● Data for processing:
※

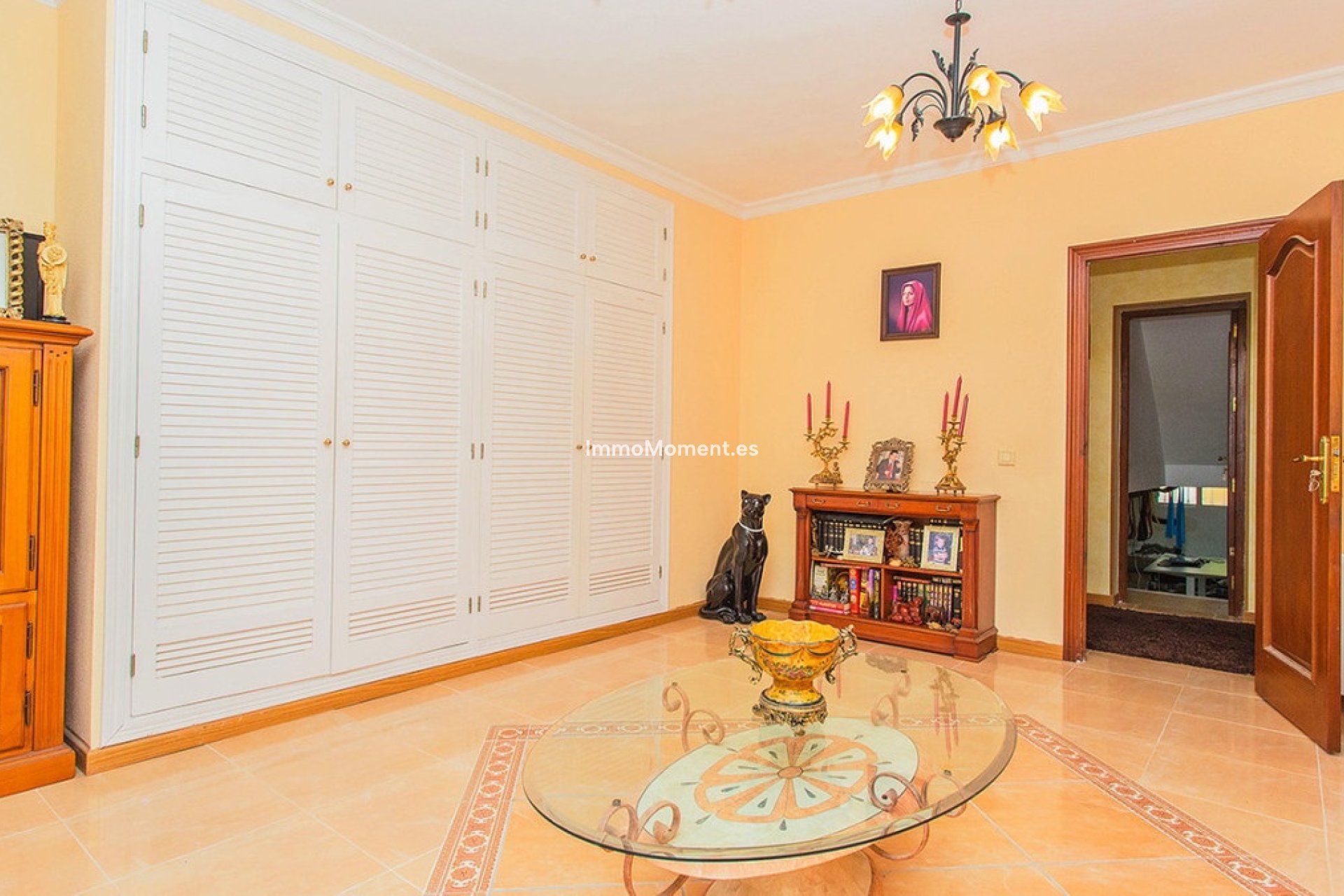 Wiederverkauf - Freistehende Villa - Orihuela - Los Balcones - Los Altos del Edén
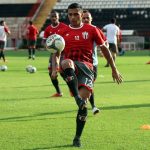 Após uma semana cheia de treinos, Botafogo encara o América-MG nesse sábado (7)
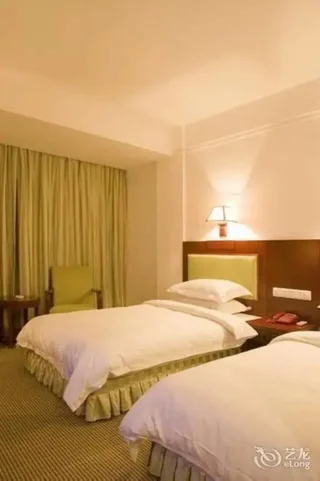 Чжанцзяцзе: Eastern Air Tour Hotel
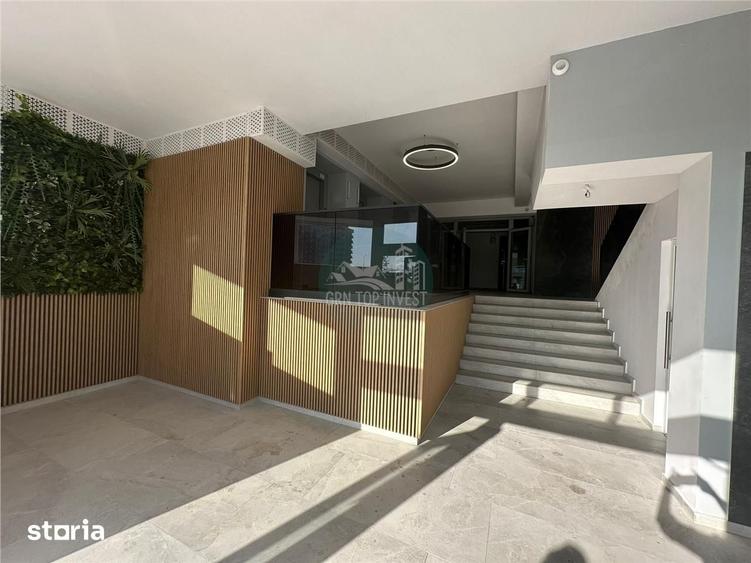 Apartament modern 2 camere terasa si parcare Evo Residence - 10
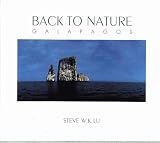Back to Nature: Galapagos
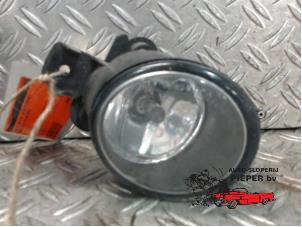 Used Fog light, front right Renault Clio II (BB/CB) 1.4 16V Price € 15,75 Margin scheme offered by Autosloperij Pieper BV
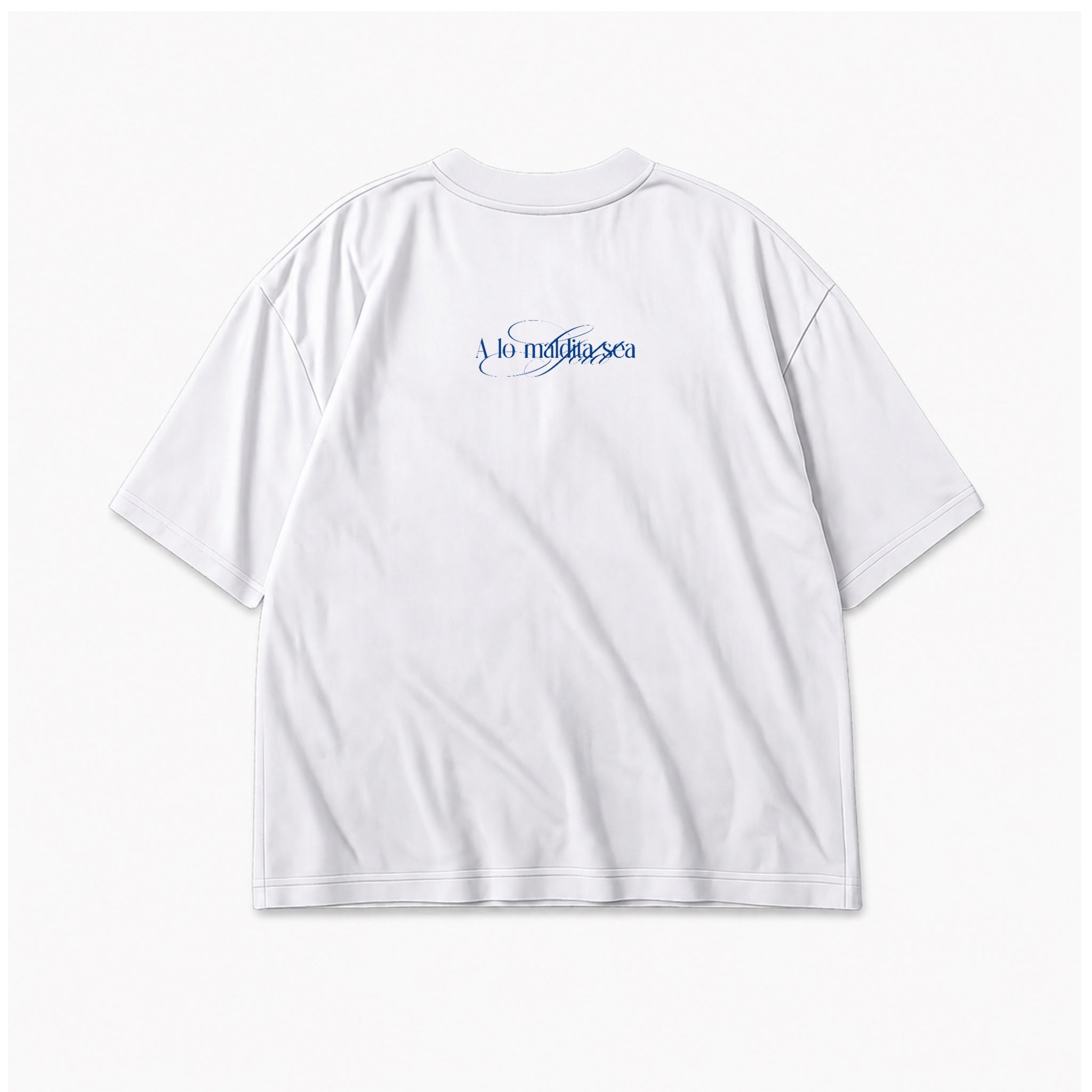 Camiseta: Horse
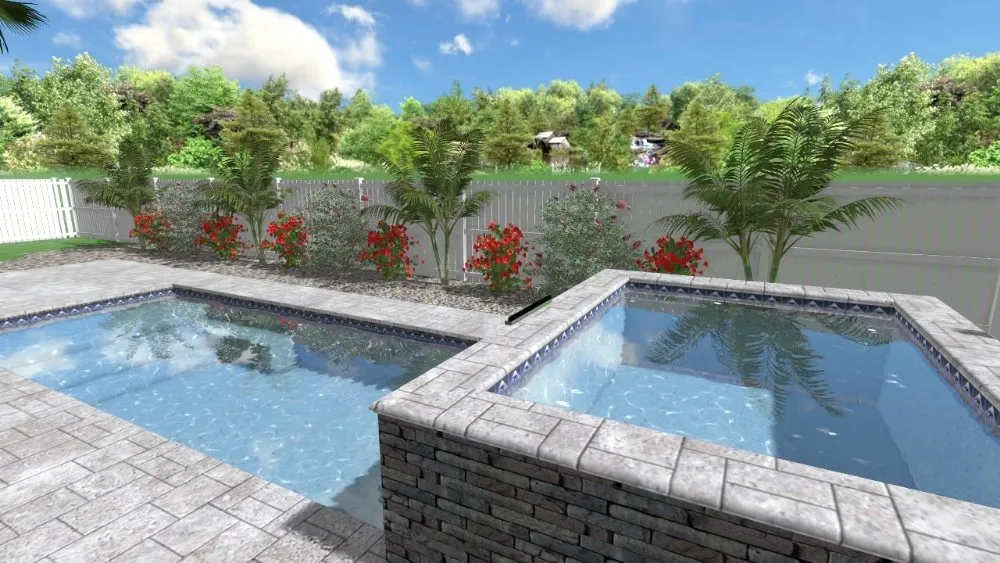 Affordable outdoor landscaping in New Smyrna Beach, FL - Grassroots Tree, Landscape, & Loader Services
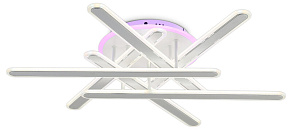 Потолочная люстра Ambrella Light FA FA8907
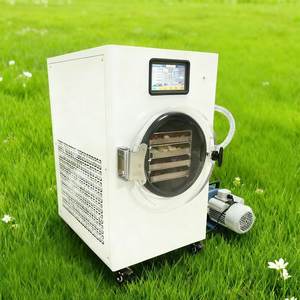 Lyophilisateur pour usage domestique avec un design moderne et élégant - Product Image 2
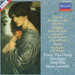 Franck / Debussy / Ravel (Chung / Lupu / Ellis / Melos Ensemble)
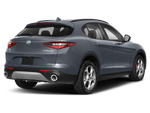 2019 Alfa Romeo Stelvio Ti Lusso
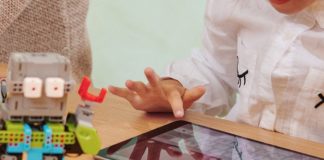 Donne, tecnologia, app e coding: così Apple celebra la Festa della donna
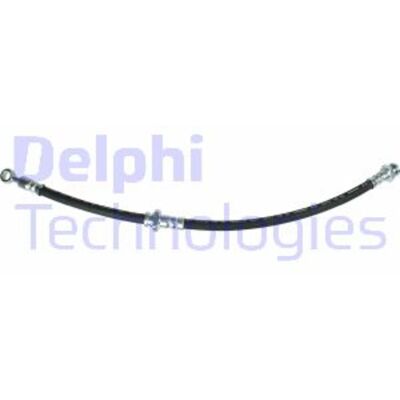Tubo del freno flessibile Delphi LH6914 - Tubo del freno Tubo del freno flessibile Delphi LH6914 - Tubo del freno
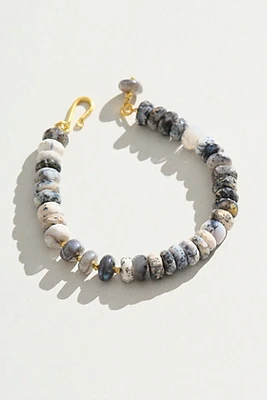 Robindira Unsworth Dendritic Agate Bracelet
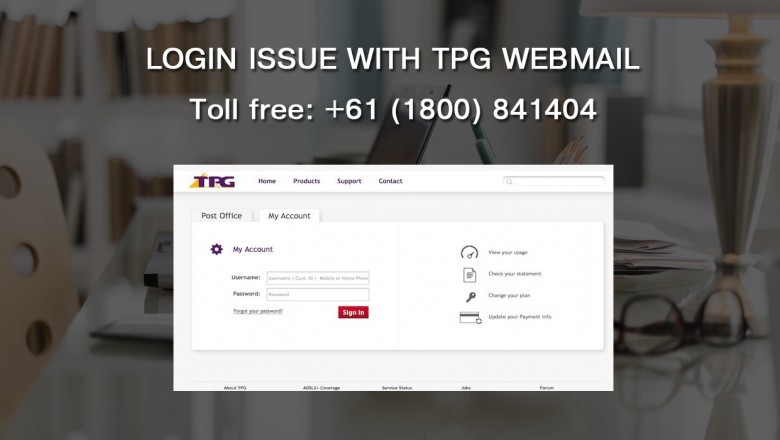 How to find TPG Customer Care number?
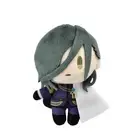 Touken Ranbu ONLINE 07 Nikkari Aoe Companion Mascot 12cm TOMSKT-TOL-07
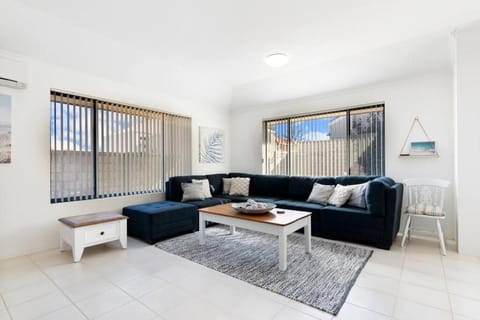 Avalon Beach Escape ~ Family Favourite with Wifi House in Wannanup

※

● Activity: Set down word for word the lines above from the one with "Чжанцзяцзе: Eastern Air Tour Hotel" up to and including the one with "Franck / Debussy". Omit every picture.

● Result of the exercise:
 Чжанцзяцзе: Eastern Air Tour Hotel
 Apartament modern 2 camere terasa si parcare Evo Residence - 10
Back to Nature: Galapagos
 Used Fog light, front right Renault Clio II (BB/CB) 1.4 16V Price € 15,75 Margin scheme offered by Autosloperij Pieper BV
 Camiseta: Horse
 Affordable outdoor landscaping in New Smyrna Beach, FL - Grassroots Tree, Landscape, & Loader Services
 Потолочная люстра Ambrella Light FA FA8907
 Lyophilisateur pour usage domestique avec un design moderne et élégant - Product Image 2
 Franck / Debussy / Ravel (Chung / Lupu / Ellis / Melos Ensemble)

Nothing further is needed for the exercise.